Deuxième des Strade Bianche
derrière un intouchable Tadej Pogacar, Paul Seixas avait quelque
chose à redire contre UAE-Emirates après la course.
Il a répondu présent. Pour sa première participation, Paul
Seixas a pris la deuxième place des Strade Bianche, où il a répondu
aux attentes en se montrant le plus fort derrière l’ultra-favori
Tadej Pogacar. De quoi le satisfaire pleinement.
« C’est le meilleur résultat que je pouvais obtenir
aujourd’hui, a confié le Français de 19 ans juste après
l’arrivée. Comme tout au long des saisons 2024 et 2025, Tadej
Pogacar était un voire deux crans au-dessus de tous les autres.
Pour moi, c’est fou de faire deuxième ici. »
Comme depuis deux ans, tout s’est joué dans le Monte Sante
Marie, le secteur le plus redoutable du parcours, à un peu plus de
80 kilomètres. Pogacar a placé son attaque à l’endroit attendu, et
Seixas a eu du mal à répondre, dans un premier temps.
« C’était étrange. Quand Tadej Pogacar a attaqué, j’ai
essayé de suivre (Tom) Pidcock,
explique le Lyonnais, qui dénonce le comportement du lieutenant
de Pogacar. Isaac Del Toro m’a bloqué, en quelque sorte. Pas
une, pas deux… mais trois fois. Bon, c’est le jeu, apparemment ils
avaient fait le choix de la tenter comme ça. »

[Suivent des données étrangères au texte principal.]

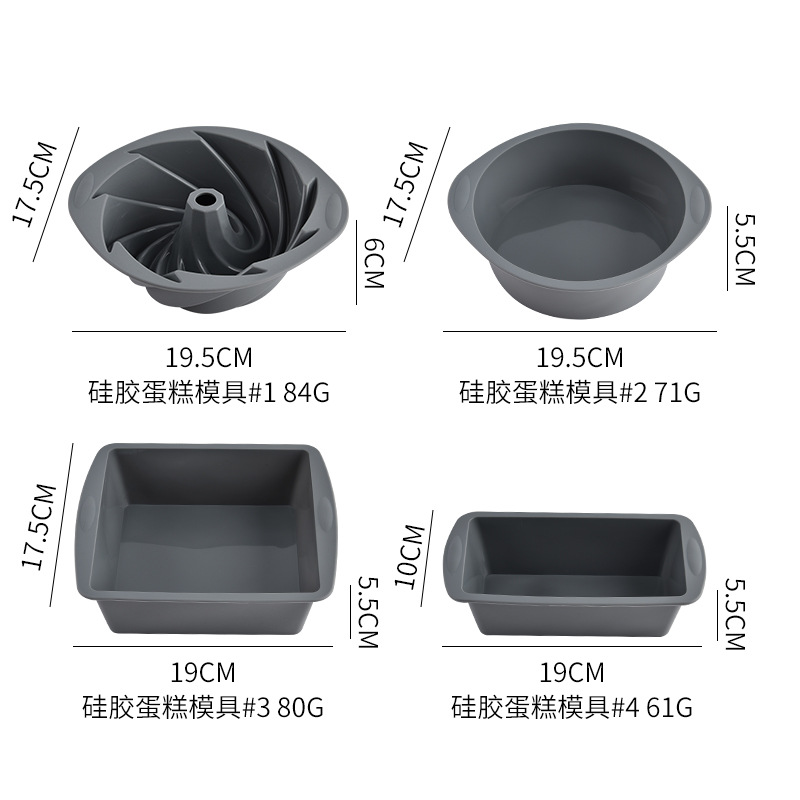 Silikonowa forma kwadratowa do – Kitchen Baking Utensils recenzja i cena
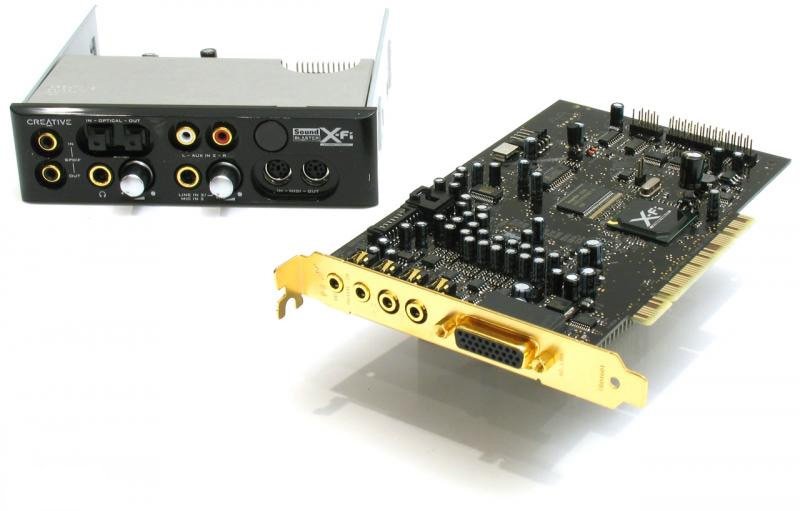 Звуковая карта PCI Creative X-FI Platinum купить | ELMIR - цена, отзывы ...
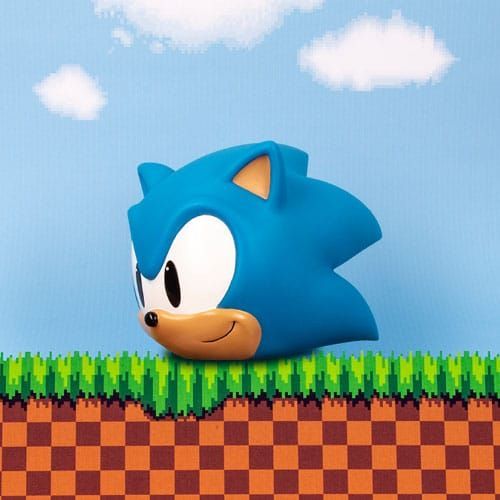 Sonic Nachttischlampe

Seixas gêné par un coéquipier de Pogacar
Avec cette manœuvre douteuse du coéquipier mexicain de Pogacar,
et un placement sans doute à améliorer à ce moment-là, Seixas a
bataillé pour tenter de rattraper le leader slovène. Il n’y est pas
parvenu malgré un effort admirable. « Évidemment,
face à Tadej Pogacar, 20 ou 30 mètres, c’est déjà trop pour espérer
les boucher. J’ai quand même essayé de rentrer, je n’étais vraiment
pas loin de le faire mais il en a remis et c’en était trop pour
moi. »
Une deuxième course a démarré, où Seixas devait désormais lutter
pour le podium. A chacune de ses attaques, le Français avait le
champion du Mexique dans sa roue. Et celui-ci, pour ne pas aider un
adversaire de son leader, ne l’a jamais relayé. « Là,
c’était normal, je comprends, analyse Seixas. J’ai tout
fait à bloc et je me disais qu’il allait me passer sur la
fin. »
Après avoir fait tant d’efforts, on pouvait penser que Seixas
allait s’incliner contre le punch de Del Toro dans la Via Santa
Caterina. Finalement, c’est bien le leader de Decathlon-CMA CGM qui
a déboulé sur la Piazza del Campo en deuxième position.
« Le sortir de la roue comme ça, c’était
incroyable », juge le Français, décidément pas mécontent
de sa journée, malgré l’épisode du Monte Sante Marie.